As Chambers wrote to his friend Bill Buckley, most of us think the story of Oedipus ends when he learns he married his own mother and puts his eyes out.  In fact, however, Oedipus lived for years afterwards.  After the trials, Chambers lived for 10 years and Hiss for 45.  Neither escaped The Case, nor did their wives and children.  (Add this, by the way, to all the reasons that committing treason is a bad idea.). Each man wrote a book.  Chambers’ became a best-seller, a major American autobiography, and a sacred text of the post-WWII right.  Hiss’s book sank like a stone, as did another he wrote in the mid-1980s.  Chambers tried to stay out of the public eye.  Hiss tried to stay in it, but failed to establish either his innocence or the dimensions of the shape-shifting conspiracy that had framed him.  This Podcast recounts the tragic post-court life of each of our protagonists. 
 
FURTHER RESEARCH
 
Episode 36:  Chambers’ autobiography is “Witness,” most recently published by Regnery Gateway in 2014.  He was working on a huge, never finished book (working title “The Third Rome”) when he died.  Associated essays of his were published by Random House in 1964 under the title “Cold Friday” — the name of a field on his farm.  His articles for The National Review (amounting to less than 85 pages) were published by that magazine in “The Whittaker Chambers Reader: His Complete National Review Writings 1957-59” in 2014; these and his earlier short pieces appear in “Ghosts on the Roof: Selected Essays,” edited by Terry Teachout and published by Transaction in 1996.  Two books of Chambers’ correspondence have been printed: “Odyssey of a Friend:  Letters to William F. Buckley, Jr., 1954-1961” (Regnery Gateway 1987); and “Notes from the Underground:  The Whittaker Chambers-Ralph de Toledano Letters 1949-60,” published in 1997 by Regnery Gateway.  Mr. de Toledano covered the trials for Newsweek Magazine and became a prominent conservative writer.  If you’re interested in what Chambers did and thought in his last years, the best of the foregoing works is (in my opinion) the Chambers-Buckley correspondence.
 
Hiss’s memoir, “In the Court of Public Opinion” (Knopf 1957), draws heavily on his Petition for a New Trial on Grounds of Newly Discovered Evidence.  His late-in-life autobiography, “Recollections of a Life,” was published by Seaver in 1988.  It is as dry as his first book.  Hiss’s son, Anthony, maybe best known as The New Yorker’s railroad correspondent under the pseudonym E.M. Frimbo, wrote about himself and his father in “Laughing Last” (Houghton Mifflin 1977) when things were looking up for his dad.  After the verdict of history had turned the other way, the young Hiss produced “The View from Alger’s Window: A Son’s Memoir” (Houghton Mifflin 1999).  It concentrates on the correspondence he shared with his imprisoned father.  The New York Times reviewer described the latter book as “deeply troubling,” “a painful story of the family as a factory of denial.”“Family Ties,” by Ann Douglas, https://archive.nytimes.com/www.nytimes.com/books/99/06/27/reviews/990627.27dougl.html.

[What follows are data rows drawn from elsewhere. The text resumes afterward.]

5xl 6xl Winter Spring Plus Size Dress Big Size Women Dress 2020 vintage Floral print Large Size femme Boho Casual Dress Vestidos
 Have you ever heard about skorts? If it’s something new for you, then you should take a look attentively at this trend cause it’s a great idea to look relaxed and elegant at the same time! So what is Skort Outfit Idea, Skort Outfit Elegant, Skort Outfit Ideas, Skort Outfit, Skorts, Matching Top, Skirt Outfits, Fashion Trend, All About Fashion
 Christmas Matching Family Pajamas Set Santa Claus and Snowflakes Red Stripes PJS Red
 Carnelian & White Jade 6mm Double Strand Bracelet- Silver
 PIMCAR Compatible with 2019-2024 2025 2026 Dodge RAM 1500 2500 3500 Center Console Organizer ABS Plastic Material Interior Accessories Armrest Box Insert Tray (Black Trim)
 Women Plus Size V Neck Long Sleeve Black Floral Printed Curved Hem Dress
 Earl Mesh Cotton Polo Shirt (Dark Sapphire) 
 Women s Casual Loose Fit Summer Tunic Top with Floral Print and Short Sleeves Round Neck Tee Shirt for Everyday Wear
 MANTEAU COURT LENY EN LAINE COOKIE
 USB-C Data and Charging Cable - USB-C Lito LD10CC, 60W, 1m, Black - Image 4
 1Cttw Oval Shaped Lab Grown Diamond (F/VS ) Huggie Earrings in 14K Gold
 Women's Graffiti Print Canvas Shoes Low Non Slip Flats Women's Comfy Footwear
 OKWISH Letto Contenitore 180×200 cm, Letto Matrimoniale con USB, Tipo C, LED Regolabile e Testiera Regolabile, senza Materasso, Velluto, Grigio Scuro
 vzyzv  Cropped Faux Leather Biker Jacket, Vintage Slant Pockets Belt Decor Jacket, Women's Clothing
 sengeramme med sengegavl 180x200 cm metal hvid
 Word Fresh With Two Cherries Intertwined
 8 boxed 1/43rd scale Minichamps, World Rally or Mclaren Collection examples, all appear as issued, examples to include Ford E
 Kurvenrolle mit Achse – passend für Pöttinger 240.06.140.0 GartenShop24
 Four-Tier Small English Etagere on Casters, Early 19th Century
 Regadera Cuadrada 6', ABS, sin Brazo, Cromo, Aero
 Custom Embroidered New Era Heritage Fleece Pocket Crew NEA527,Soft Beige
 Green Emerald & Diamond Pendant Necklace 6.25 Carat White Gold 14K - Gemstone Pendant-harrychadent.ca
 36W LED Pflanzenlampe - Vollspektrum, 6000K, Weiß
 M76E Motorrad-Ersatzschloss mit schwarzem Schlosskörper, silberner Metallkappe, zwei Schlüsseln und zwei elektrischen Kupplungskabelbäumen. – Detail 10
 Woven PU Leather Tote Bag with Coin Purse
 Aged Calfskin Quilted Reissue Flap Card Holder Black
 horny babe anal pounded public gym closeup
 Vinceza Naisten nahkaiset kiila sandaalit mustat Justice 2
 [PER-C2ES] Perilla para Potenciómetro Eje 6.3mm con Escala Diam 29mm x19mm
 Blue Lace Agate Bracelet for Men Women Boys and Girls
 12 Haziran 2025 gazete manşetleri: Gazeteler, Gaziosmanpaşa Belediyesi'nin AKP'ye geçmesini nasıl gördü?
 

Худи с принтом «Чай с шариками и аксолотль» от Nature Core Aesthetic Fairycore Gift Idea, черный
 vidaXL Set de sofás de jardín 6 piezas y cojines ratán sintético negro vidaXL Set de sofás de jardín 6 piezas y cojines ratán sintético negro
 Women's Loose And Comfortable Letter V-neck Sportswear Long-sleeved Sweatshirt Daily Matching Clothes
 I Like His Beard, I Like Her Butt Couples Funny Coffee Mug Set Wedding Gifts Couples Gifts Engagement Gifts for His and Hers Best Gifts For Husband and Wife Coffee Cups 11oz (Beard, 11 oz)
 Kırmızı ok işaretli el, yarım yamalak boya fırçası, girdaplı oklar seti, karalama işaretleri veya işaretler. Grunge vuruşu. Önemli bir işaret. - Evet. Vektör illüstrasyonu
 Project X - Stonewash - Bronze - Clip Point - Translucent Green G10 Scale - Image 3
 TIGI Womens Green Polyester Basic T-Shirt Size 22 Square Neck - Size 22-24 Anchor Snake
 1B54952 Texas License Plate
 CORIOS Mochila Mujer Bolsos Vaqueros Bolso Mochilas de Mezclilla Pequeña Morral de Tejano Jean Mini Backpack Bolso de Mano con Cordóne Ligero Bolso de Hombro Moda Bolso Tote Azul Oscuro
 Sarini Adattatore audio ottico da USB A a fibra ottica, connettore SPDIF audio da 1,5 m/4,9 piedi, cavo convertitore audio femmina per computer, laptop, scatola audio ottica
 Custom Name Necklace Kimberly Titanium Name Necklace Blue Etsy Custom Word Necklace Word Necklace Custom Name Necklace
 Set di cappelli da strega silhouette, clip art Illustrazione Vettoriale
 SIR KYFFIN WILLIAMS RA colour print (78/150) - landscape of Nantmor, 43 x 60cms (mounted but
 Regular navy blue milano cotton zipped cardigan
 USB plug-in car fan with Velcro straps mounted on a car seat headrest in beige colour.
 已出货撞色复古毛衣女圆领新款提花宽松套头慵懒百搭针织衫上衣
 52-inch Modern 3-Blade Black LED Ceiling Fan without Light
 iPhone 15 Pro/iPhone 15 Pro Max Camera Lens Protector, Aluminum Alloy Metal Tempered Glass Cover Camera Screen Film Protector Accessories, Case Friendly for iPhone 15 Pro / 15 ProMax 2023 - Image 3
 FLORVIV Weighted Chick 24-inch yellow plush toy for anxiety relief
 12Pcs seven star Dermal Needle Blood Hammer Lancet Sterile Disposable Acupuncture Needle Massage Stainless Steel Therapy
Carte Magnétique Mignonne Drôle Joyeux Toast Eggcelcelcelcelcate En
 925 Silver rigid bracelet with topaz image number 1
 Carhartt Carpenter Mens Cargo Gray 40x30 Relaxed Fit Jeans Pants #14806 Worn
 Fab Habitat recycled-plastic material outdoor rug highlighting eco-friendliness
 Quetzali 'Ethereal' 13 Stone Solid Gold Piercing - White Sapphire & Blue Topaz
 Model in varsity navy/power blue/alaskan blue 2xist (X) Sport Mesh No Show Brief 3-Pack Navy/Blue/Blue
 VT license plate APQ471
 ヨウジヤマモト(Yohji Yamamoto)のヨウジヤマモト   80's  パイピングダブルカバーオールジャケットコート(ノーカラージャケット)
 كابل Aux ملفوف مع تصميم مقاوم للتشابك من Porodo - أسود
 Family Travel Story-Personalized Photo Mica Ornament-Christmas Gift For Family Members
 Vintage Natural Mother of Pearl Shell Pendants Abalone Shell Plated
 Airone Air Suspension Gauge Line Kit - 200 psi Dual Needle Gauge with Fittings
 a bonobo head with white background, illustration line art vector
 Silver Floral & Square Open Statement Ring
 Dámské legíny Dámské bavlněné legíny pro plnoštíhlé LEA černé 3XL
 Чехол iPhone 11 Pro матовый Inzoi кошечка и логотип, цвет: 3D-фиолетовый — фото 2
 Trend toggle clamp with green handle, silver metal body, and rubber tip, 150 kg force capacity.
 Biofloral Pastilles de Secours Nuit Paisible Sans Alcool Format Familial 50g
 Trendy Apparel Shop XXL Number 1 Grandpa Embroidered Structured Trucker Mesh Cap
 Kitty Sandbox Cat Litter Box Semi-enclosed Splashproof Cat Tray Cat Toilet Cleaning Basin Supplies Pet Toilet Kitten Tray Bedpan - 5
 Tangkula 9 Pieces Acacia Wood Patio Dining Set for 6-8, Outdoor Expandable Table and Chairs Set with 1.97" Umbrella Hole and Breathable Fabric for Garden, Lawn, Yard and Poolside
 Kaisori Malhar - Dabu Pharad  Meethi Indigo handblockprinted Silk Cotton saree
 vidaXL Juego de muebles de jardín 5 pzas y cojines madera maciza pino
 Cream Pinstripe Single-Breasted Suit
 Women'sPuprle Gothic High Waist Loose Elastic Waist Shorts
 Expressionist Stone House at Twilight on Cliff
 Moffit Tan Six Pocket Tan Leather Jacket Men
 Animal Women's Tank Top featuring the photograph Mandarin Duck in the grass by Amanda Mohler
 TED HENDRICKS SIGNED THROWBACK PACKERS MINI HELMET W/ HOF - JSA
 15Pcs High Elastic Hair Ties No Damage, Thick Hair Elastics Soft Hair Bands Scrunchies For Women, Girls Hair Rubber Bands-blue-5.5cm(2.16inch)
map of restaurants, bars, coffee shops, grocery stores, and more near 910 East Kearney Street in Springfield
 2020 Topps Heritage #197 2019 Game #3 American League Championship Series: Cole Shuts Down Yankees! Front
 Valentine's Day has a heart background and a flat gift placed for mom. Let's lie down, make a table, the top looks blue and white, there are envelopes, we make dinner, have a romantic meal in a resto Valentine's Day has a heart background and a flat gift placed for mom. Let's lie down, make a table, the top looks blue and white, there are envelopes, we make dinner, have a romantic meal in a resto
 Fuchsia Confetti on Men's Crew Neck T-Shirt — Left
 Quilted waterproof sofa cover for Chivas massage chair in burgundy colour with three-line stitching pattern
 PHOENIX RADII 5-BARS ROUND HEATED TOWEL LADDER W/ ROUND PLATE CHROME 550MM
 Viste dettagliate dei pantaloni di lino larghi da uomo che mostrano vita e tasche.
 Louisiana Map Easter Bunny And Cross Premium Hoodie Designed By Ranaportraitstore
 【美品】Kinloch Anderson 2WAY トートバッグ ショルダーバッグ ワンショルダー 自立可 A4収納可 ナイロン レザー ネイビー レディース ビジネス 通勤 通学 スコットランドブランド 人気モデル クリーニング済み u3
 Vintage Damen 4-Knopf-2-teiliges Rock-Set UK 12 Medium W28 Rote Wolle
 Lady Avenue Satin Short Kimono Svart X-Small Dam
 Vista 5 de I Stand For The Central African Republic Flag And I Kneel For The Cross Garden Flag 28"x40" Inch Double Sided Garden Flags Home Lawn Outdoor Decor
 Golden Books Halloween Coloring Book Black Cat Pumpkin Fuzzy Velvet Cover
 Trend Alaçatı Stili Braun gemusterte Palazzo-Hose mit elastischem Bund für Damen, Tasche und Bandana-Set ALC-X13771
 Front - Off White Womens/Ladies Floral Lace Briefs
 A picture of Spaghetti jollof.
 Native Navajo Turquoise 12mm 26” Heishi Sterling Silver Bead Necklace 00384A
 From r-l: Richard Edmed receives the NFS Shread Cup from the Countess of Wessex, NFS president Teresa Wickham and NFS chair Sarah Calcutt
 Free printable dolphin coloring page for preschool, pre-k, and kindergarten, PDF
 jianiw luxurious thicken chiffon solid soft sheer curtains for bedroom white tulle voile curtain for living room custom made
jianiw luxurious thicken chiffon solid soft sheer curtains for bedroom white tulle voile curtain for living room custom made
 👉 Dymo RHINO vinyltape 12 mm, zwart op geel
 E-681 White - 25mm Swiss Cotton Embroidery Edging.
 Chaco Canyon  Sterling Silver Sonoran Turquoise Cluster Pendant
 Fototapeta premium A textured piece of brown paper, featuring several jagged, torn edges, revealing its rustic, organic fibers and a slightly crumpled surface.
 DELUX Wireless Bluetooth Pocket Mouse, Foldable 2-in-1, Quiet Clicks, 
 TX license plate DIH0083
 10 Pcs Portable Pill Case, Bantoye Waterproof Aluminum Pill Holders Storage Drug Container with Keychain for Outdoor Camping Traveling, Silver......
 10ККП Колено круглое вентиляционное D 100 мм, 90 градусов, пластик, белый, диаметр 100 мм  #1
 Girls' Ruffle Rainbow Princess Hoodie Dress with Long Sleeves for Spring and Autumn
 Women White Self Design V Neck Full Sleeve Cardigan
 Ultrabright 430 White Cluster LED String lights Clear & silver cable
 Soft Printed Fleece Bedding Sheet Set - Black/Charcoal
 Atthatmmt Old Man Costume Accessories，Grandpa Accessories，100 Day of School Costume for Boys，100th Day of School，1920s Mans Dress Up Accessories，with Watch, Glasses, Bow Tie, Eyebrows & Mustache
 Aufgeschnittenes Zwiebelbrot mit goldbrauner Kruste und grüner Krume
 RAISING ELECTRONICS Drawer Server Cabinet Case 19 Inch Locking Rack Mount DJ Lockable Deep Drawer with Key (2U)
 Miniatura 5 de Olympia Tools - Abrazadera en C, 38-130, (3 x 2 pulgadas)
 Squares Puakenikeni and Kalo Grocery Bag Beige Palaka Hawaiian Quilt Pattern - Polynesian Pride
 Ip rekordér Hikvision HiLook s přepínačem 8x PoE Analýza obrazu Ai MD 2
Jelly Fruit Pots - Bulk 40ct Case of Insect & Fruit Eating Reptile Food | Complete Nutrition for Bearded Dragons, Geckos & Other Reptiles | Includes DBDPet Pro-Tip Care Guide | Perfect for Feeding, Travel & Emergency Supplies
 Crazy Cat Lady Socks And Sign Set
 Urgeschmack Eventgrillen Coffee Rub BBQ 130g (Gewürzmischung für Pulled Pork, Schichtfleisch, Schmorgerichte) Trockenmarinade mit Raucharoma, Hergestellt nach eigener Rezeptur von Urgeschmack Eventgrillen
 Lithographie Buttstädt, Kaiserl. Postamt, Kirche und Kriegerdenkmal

That The Times would publish such a review indicates how much, even among northeastern liberals, the verdict had solidified against Hiss and for Chambers.
 
More about the two protagonists’ post-trial lives can be found in Professor Weinstein’s book “Perjury” at pages 550-72 (chapter titled “Alger and Whittaker: The Vigil and the Death Watch”); and at pages 444-514 of the Sam Tanenhaus biography “Whittaker Chambers.”
 
Questions:  Which protagonist suffered more after the trials — the imprisoned Hiss or the ostracized Chambers?  Do you have a hunch that one or both of them overcame gloom and died with a somewhat satisfied, “something ventured, something gained” feeling?  Of the wives and children, only one (Hiss’s son) capitalized on The Case.  If you had been one of the others, would you have been tempted to follow Tony’s path?
 
If Hiss was guilty, why didn’t he avoid the limelight like Chambers did?  And, when his son got interested in The Case, why didn’t Hiss say to him “Son, this has taken over my life, but it doesn’t have to mess up yours. I’ve got some years to live and powerful friends on my side; you just get on with your own existence and leave this to us.”  Why would he let his son take up a cause that Hiss knew was a lie and would likely someday be exposed as such, making his son look pitiful?